__DATASET EXCERPTS__:
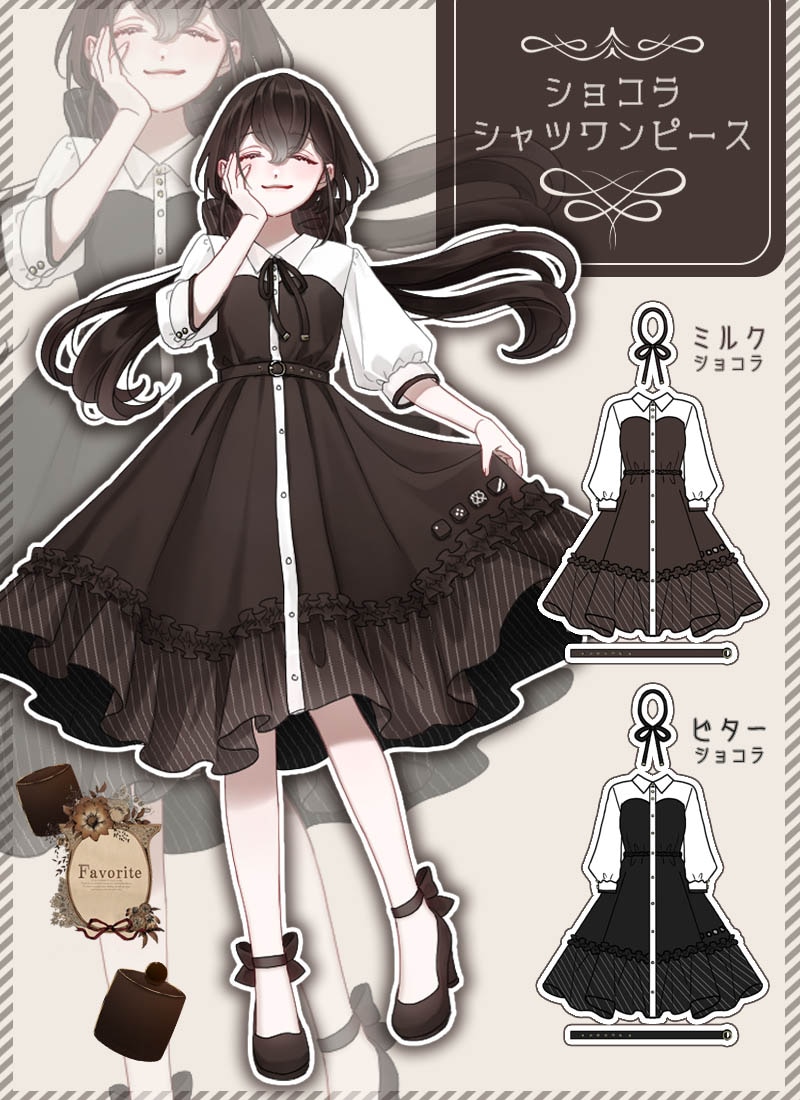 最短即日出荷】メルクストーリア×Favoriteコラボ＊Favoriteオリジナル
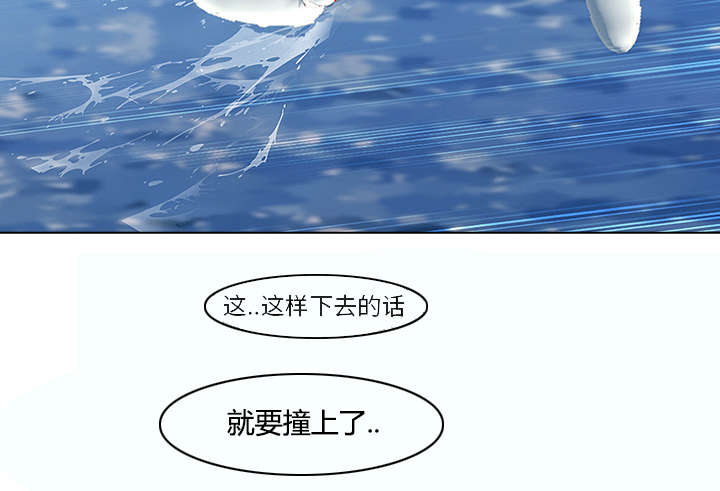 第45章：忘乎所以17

...

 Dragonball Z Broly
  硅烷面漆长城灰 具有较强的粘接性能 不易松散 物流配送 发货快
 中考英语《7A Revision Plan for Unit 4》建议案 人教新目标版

__TASK PROMPT__:
Reproduce exactly, and only, the part of the listing above that begins at the line with "Dragonball Z Broly" and goes on through the line with "中考英语《7A Revision Plan for Unit 4》建议案 人教新目标版".

__EXERCISE RESULT__:
 Dragonball Z Broly
  硅烷面漆长城灰 具有较强的粘接性能 不易松散 物流配送 发货快
 中考英语《7A Revision Plan for Unit 4》建议案 人教新目标版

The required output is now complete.